En una entrega anterior dedicada al huidizo concepto del futuro, propusimos cómo, para la conciencia, el porvenir dista mucho del simple hecho de que el pasado ya transcurrió, el presente es ahora y el futuro nos aguarda, y terminamos proponiendo una futura (!) reflexión acerca del concepto del karma.
Todos hemos oído hablar del karma, por supuesto, pero tal vez conviniera hacer algunas reflexiones un tanto más elaboradas, pues el tema reviste una importancia fundamental para la vida individual y social, y aquí intentaremos exponer algunos de sus complejos significados.

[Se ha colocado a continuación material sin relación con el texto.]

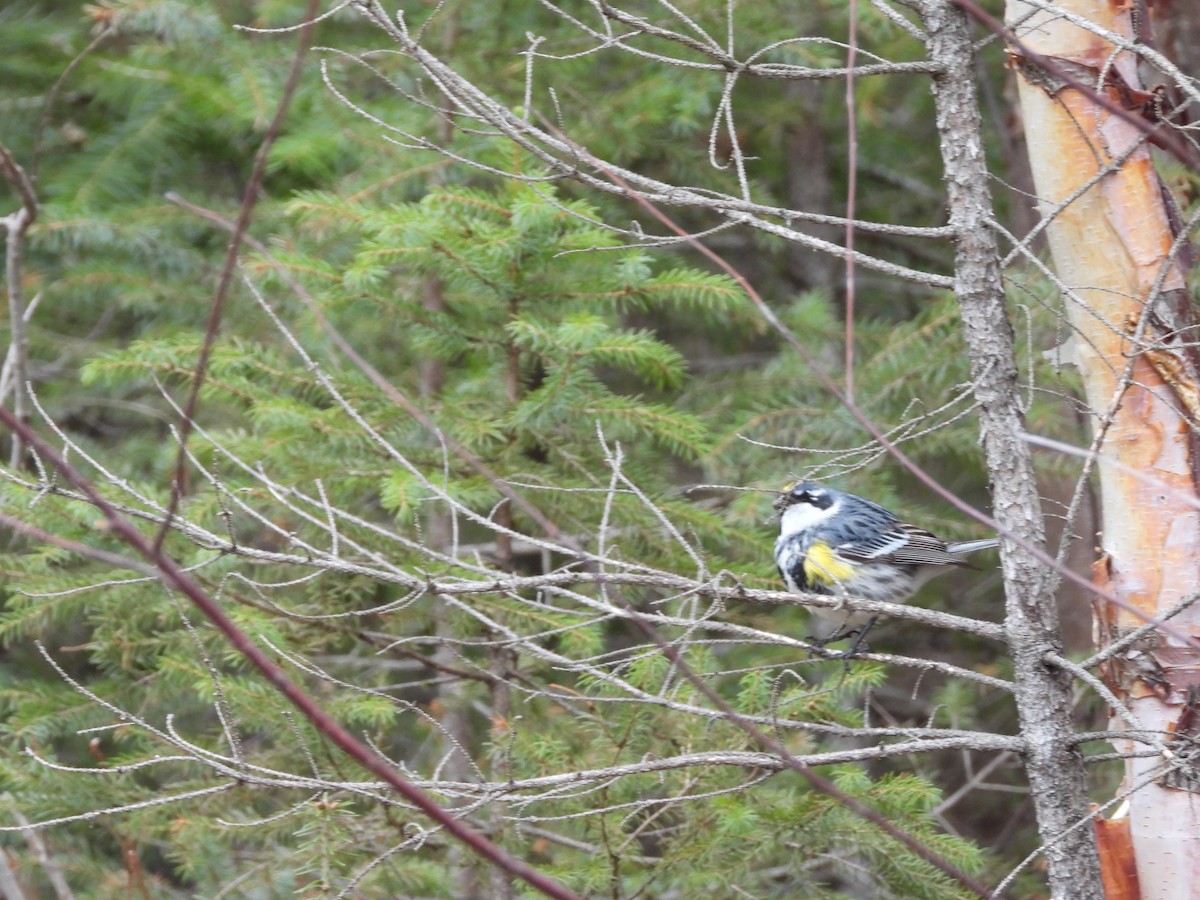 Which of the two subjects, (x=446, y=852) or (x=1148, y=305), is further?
(x=446, y=852)

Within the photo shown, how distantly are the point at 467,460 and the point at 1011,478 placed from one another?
4.11 feet

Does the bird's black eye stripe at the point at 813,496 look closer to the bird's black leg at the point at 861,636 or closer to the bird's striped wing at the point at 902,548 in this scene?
the bird's striped wing at the point at 902,548

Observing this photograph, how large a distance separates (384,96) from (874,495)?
2834 millimetres

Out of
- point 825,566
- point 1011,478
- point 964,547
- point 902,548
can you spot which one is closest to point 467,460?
point 1011,478

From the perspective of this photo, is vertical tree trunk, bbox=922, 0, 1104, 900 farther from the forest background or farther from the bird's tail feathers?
the bird's tail feathers

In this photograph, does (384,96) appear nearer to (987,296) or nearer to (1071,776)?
(987,296)

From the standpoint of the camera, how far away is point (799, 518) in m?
4.03

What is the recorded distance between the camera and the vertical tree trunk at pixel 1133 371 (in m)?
2.85

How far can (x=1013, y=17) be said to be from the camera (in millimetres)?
2967

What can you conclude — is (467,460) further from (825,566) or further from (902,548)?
(902,548)

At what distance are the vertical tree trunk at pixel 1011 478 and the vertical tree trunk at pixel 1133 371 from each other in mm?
220

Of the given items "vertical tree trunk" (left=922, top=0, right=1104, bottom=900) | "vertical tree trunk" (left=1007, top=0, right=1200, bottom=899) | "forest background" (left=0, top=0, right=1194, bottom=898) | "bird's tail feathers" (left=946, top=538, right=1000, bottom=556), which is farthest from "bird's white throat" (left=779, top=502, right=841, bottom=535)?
"vertical tree trunk" (left=922, top=0, right=1104, bottom=900)

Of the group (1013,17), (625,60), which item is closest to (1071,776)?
(1013,17)

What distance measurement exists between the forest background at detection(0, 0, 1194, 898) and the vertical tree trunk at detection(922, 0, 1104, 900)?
0.34 ft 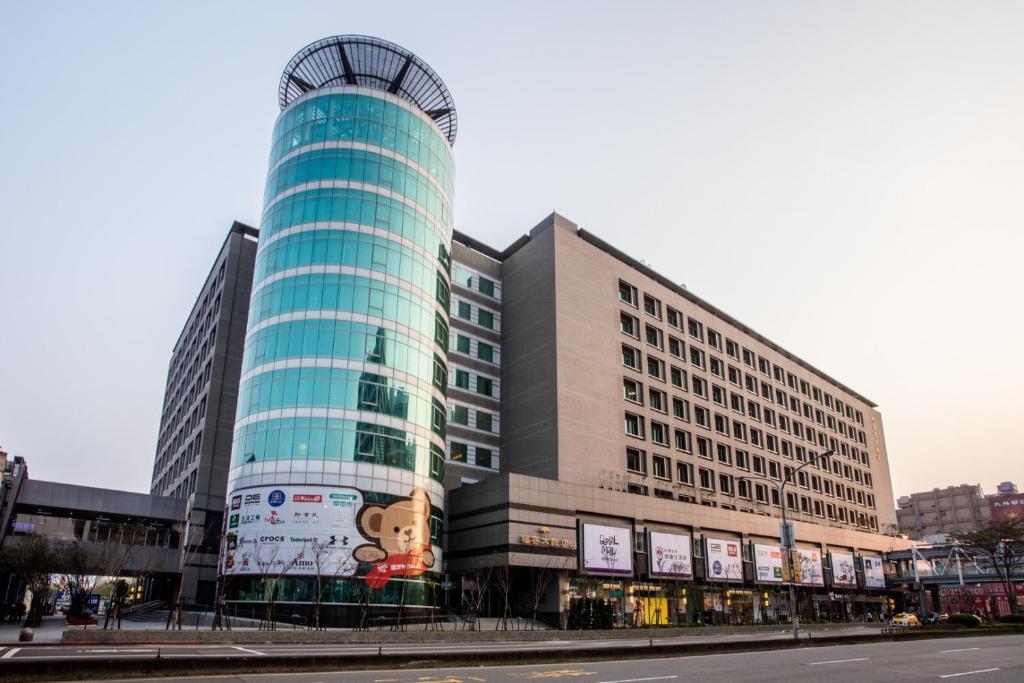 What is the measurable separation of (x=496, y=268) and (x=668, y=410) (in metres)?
23.9

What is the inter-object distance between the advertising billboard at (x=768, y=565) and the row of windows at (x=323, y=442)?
41222 millimetres

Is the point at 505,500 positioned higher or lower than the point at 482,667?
higher

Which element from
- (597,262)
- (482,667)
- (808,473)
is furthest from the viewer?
(808,473)

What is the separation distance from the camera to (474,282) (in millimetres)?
75312

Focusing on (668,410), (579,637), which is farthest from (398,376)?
(668,410)

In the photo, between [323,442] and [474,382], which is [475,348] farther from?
[323,442]

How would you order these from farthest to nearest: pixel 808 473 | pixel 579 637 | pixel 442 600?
pixel 808 473
pixel 442 600
pixel 579 637

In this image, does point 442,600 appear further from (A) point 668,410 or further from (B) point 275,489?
(A) point 668,410

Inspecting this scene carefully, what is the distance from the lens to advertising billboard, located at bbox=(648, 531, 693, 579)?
65000 millimetres

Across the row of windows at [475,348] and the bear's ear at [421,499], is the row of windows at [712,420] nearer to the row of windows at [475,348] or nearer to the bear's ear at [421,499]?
the row of windows at [475,348]

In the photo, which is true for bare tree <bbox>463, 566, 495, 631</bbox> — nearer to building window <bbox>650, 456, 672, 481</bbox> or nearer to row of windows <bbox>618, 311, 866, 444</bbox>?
building window <bbox>650, 456, 672, 481</bbox>

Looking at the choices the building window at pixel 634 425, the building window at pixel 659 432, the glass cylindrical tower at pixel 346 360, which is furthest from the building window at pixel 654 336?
the glass cylindrical tower at pixel 346 360

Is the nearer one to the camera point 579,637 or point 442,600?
point 579,637

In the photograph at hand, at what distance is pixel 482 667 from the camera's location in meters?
21.5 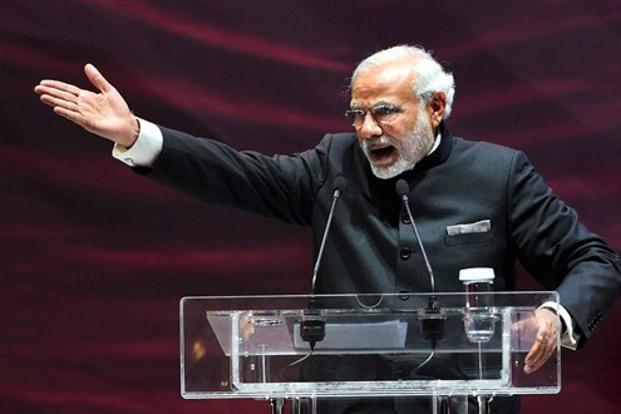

El karma no está relacionado con “el destino” ni con aquello que nos depara el futuro, la reencarnación o ninguna de las simplezas con las cuales se le ha vulgarizado. Tampoco es una “ley” moralista, mística o misteriosa, ni se refiere a premios, sanciones o registro de puntuaciones por parte de imaginarias autoridades superiores, como si en el más allá existiera un juez preocupado por seguir y anotar con todo cuidado en un invisible cuaderno todos mis actos y cada uno de mis pensamientos para luego premiarlos o castigarlos. Resulta imposible sostener una idea tan infantil y egocéntrica (nótese que se está hablando en especial de mis acciones, nada menos), y ni siquiera lo intentaremos, porque además esa suposición no tiene ninguna evidencia comprobable (o peor aún, también sobran ejemplos de malas obras que además de no ser castigadas por la providencia producen riqueza y poder para sus perpetradores).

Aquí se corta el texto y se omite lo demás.